- Your task:
Write out again, unchanged, the line that has "Manesis Suites" and each following line through the end of the entries below; leave pictures out.

- Working data:
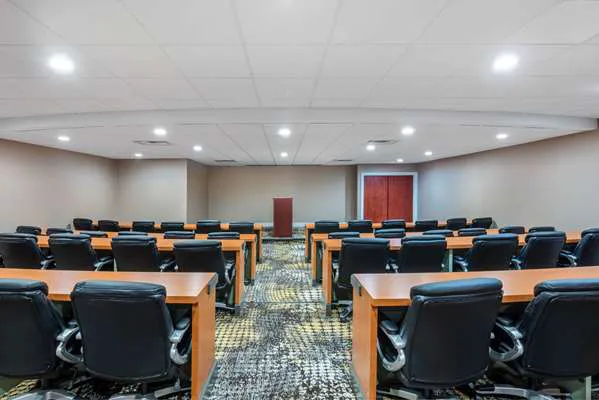 Wyndham Lancaster Resort and Convention Center 4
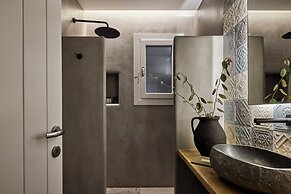 Manesis Suites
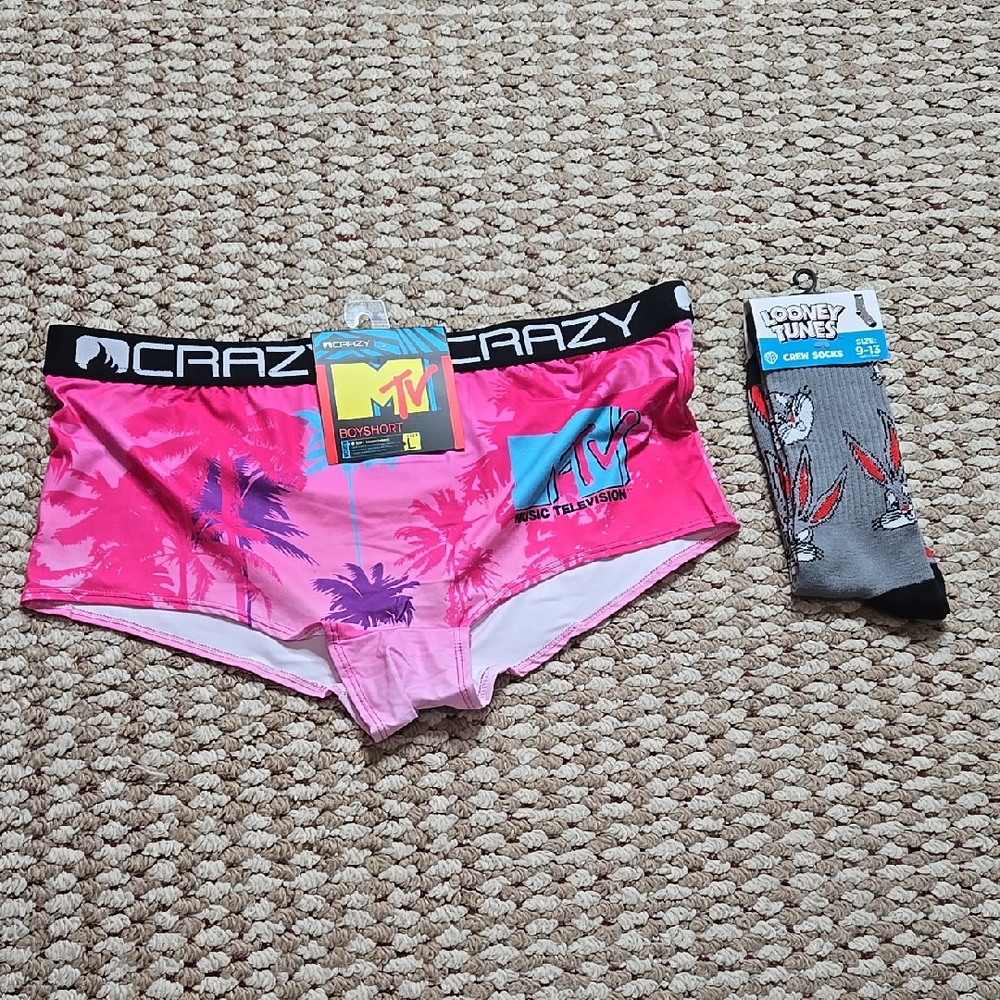 MTV Large Boyshorts Underwear with Looney Tunes Crew Bugs Bunny Socks Bundle Lot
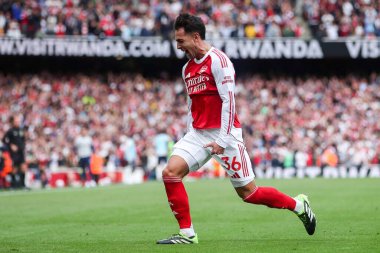 Arsenal 'den Martin Zubimendi, 13 Eylül 2025' te İngiltere 'nin Emirates Stadyumu' nda oynanan Premier League maçı Arsenal - Nottingham Forest maçında 1-0 kazanma hedefini kutluyor.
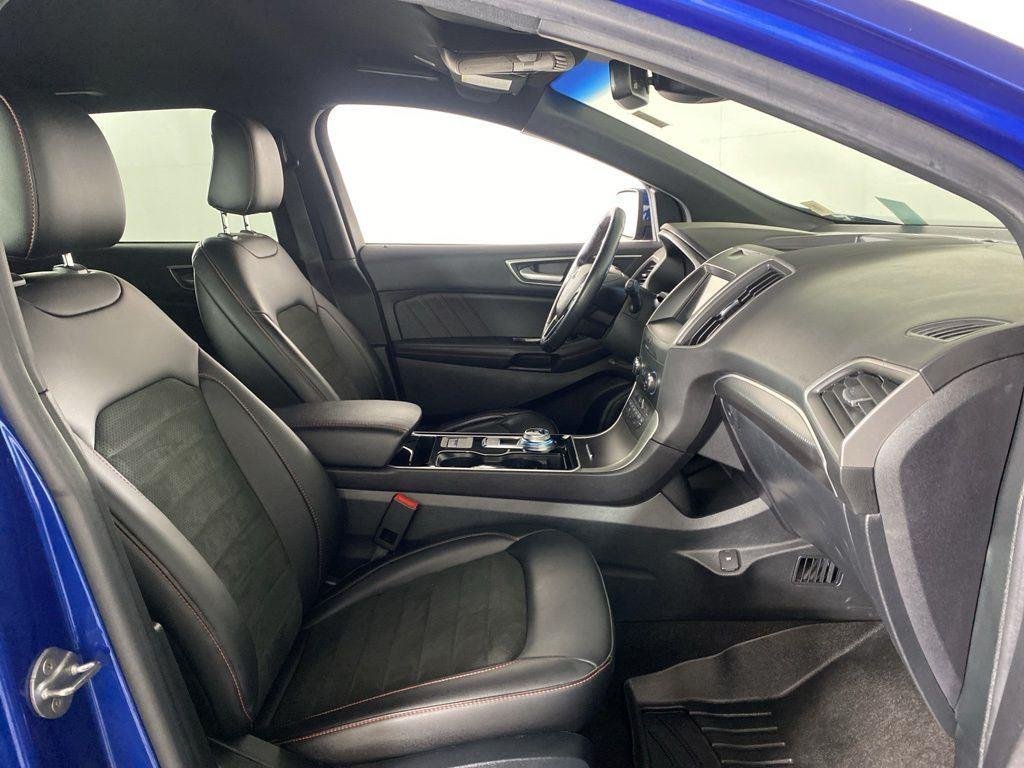 Used 2020 Blue Metallic Ford ST Line image 27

- Solution to this exercise:
 Manesis Suites
 MTV Large Boyshorts Underwear with Looney Tunes Crew Bugs Bunny Socks Bundle Lot
 Arsenal 'den Martin Zubimendi, 13 Eylül 2025' te İngiltere 'nin Emirates Stadyumu' nda oynanan Premier League maçı Arsenal - Nottingham Forest maçında 1-0 kazanma hedefini kutluyor.
 Used 2020 Blue Metallic Ford ST Line image 27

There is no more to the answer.